One day I was standing 19 rows from the stage at a Metallica / Guns N’ Roses concert and the next I’m saying to my wife, “Hey, how do you like the diagonal mowing pattern I used on the lawn?” Getting old happens that fast. And while it might sound like I’m longing for those youthful days, the truth is, I’m fully invested in the old guy stuff. Given the choice between sipping a hard iced tea while admiring a freshly mown lawn or attending a rock concert, I might just go with the lawn gazing.
Depends if going to the concert would involve having to drive in the dark. Mowing is serious business for us older guys. I was at a barbecue a few weeks ago and mowing dominated the conversation.

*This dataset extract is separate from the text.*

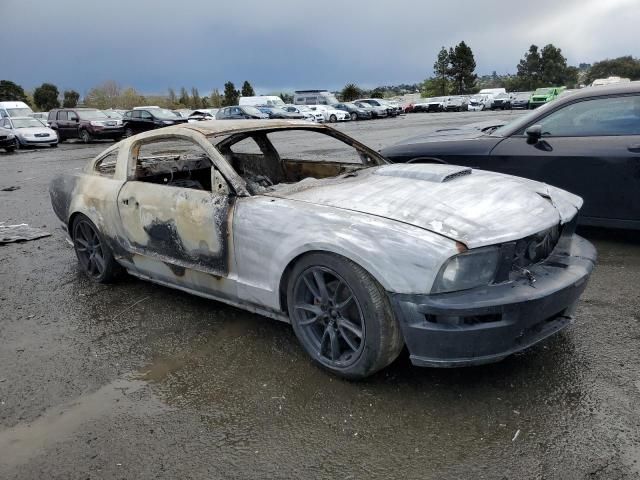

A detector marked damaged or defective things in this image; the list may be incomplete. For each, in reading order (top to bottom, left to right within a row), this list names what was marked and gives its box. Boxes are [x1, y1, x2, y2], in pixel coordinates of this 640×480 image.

We talked about the best mower brands and how often to mow. One of the guys is a professional landscaper and he dropped a pro tip — don’t mow in the same direction each time. I don’t know the reason but already this spring I’ve mowed in so many different patterns I need to use Google Earth to plot my next route.
Sometimes, but not often, aging feels like it’s going in reverse. Last year I was by far the “old guy” on our men’s night golf team. We had two guys barely in their 30s and our captain wasn’t even 25 yet.
I could have been any of their fathers. This year the script flipped. I’m the young whippersnapper again.
At 53 I’m bringing the average age of our team down — way down. Our captain is 60 and our next best player is 70. We have a 67-year-old and then we.